■ ABOUT THIS EXERCISE
Word for word, set down the records and skip each picture.

■ INPUT RECORDS
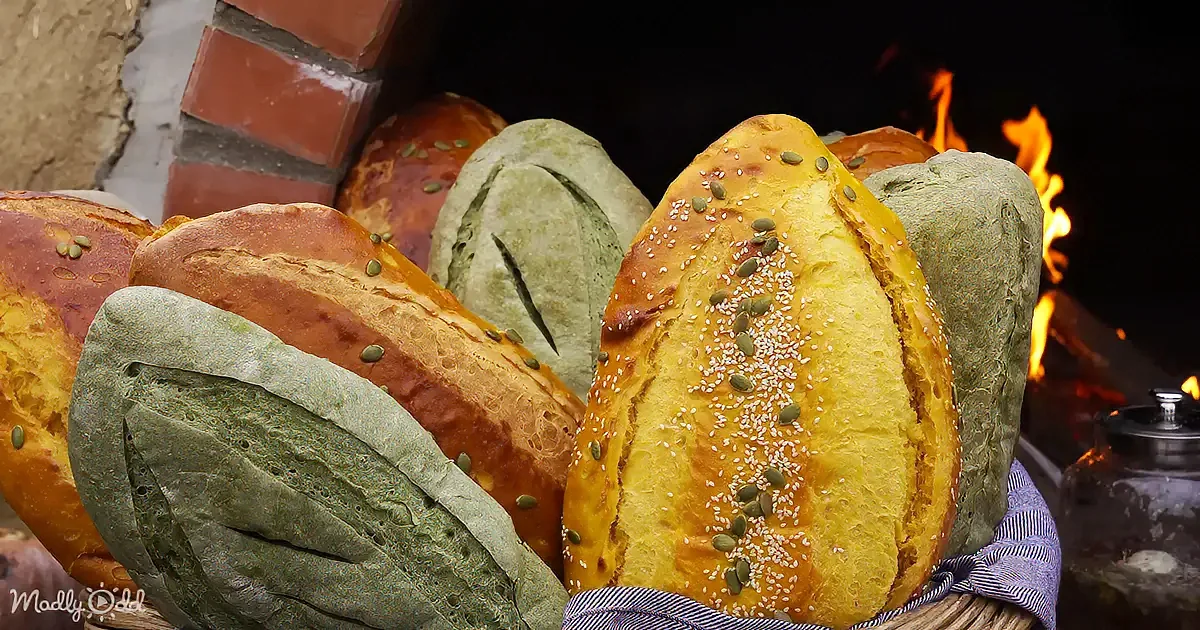 Freshly baked bread with seeds and herbs, placed on a rustic surface near a fire.
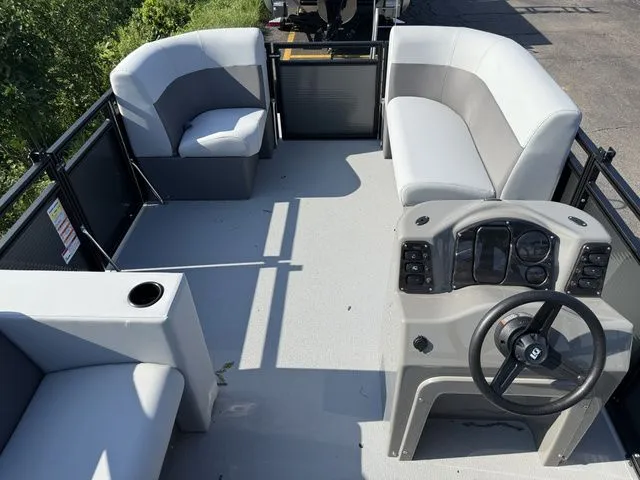 Slide: The Image of The image shows the deck of a 2026 Angler Quest 7515 Leisure Cruise boat with gray seating. - 6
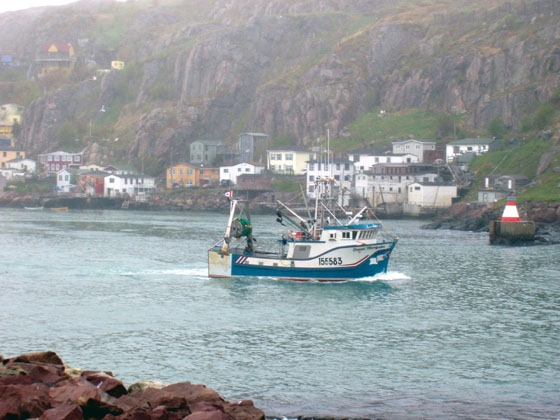 Fishing trawler leaving port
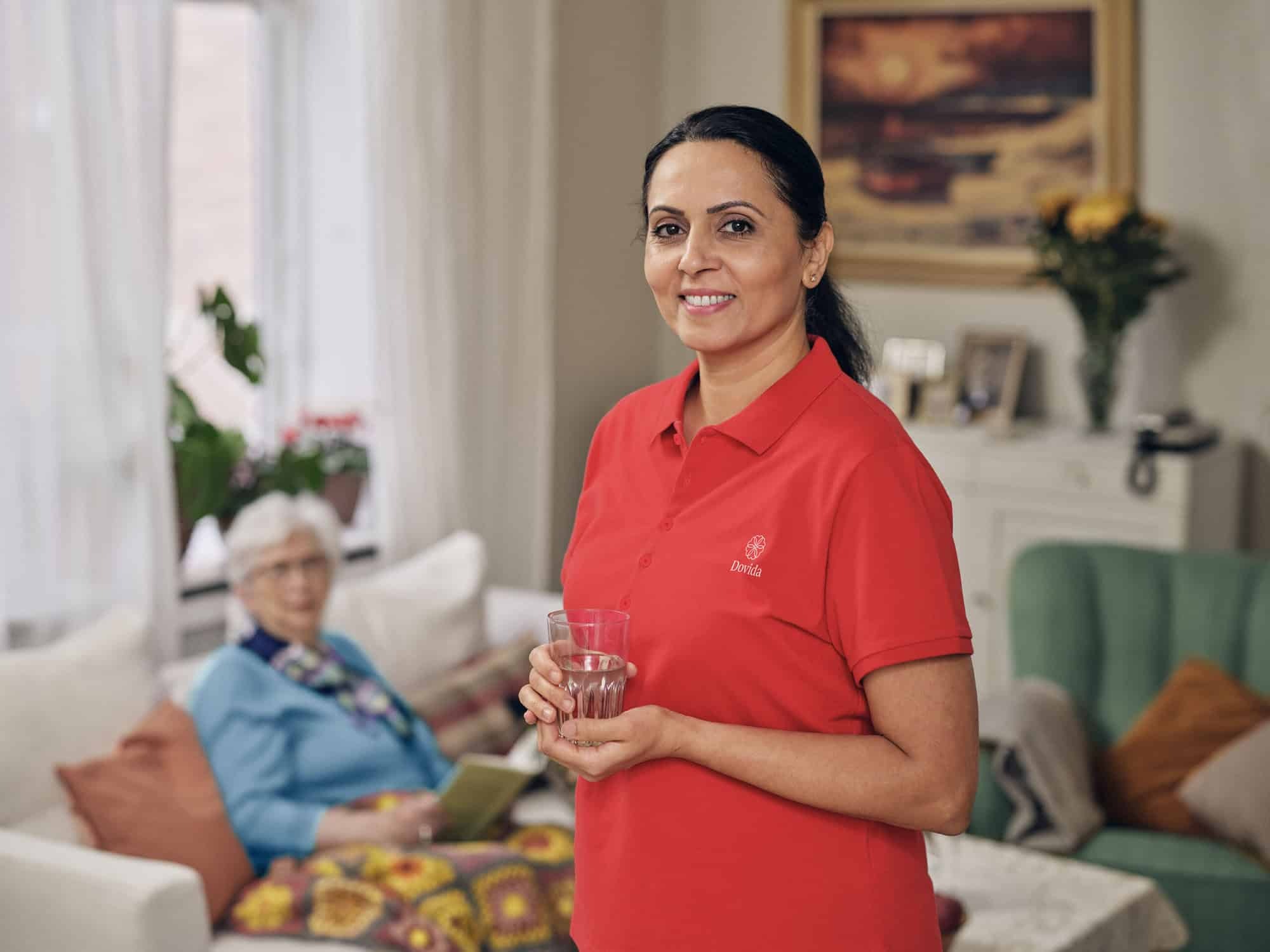 A caregiver dressed in a red Dovida shirt holds a glass, representing the compassionate support offered by personal caregivers at home.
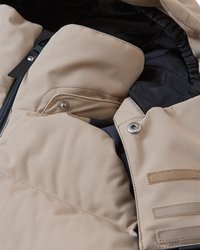 Beżowa ocieplana kurtka z zamkiem błyskawicznym z przodu, napami i wieloma kieszeniami. Posiada fakturowany materiał i kontrastową ciemną podszewkę.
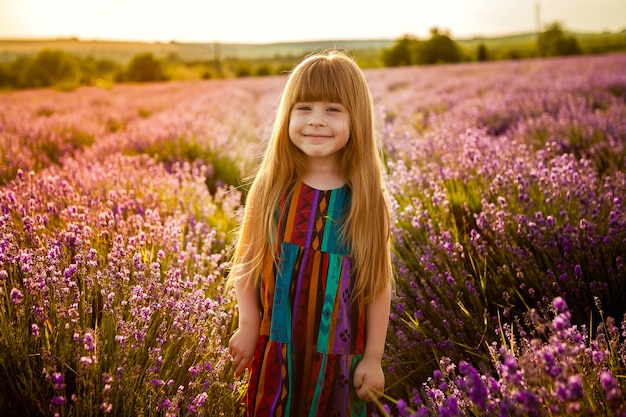 Muchacha de risa del niño en un campo de la lavanda en la puesta del sol.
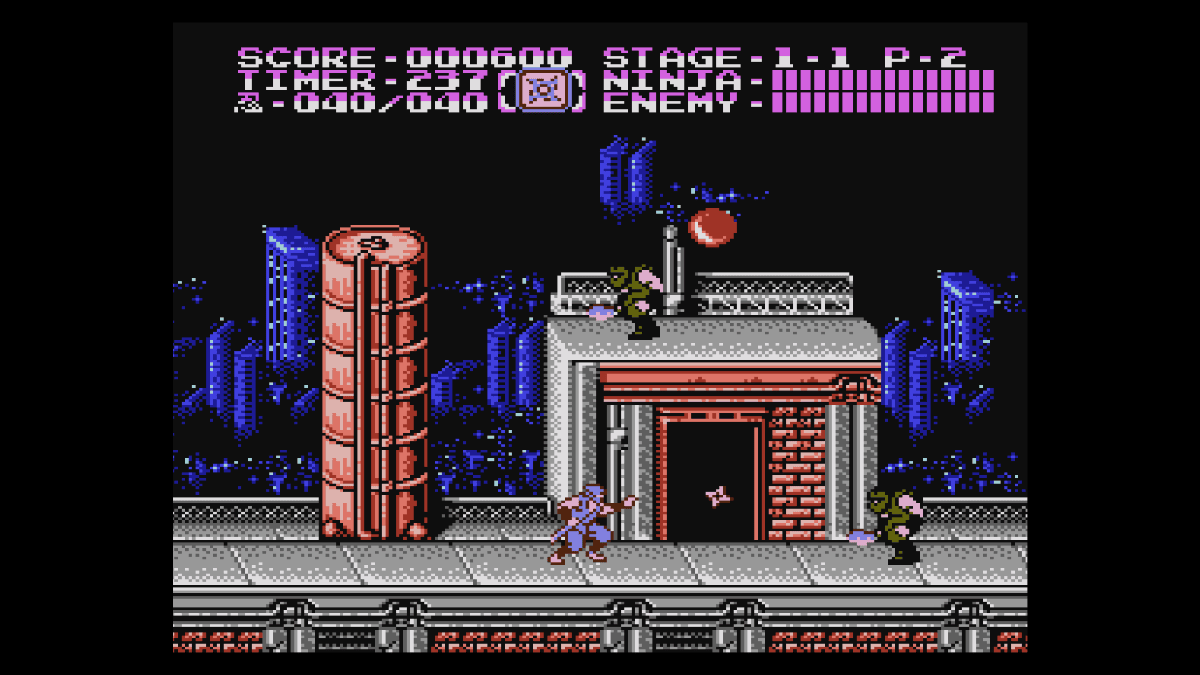 Ryu moves through the first street stage with enemies on upper platforms in Console Archives Ninja Gaiden II: The Dark Sword of Chaos.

■ EXERCISE OUTPUT
 Freshly baked bread with seeds and herbs, placed on a rustic surface near a fire.
 Slide: The Image of The image shows the deck of a 2026 Angler Quest 7515 Leisure Cruise boat with gray seating. - 6
 Fishing trawler leaving port
 A caregiver dressed in a red Dovida shirt holds a glass, representing the compassionate support offered by personal caregivers at home.
 Beżowa ocieplana kurtka z zamkiem błyskawicznym z przodu, napami i wieloma kieszeniami. Posiada fakturowany materiał i kontrastową ciemną podszewkę.
 Muchacha de risa del niño en un campo de la lavanda en la puesta del sol.
 Ryu moves through the first street stage with enemies on upper platforms in Console Archives Ninja Gaiden II: The Dark Sword of Chaos.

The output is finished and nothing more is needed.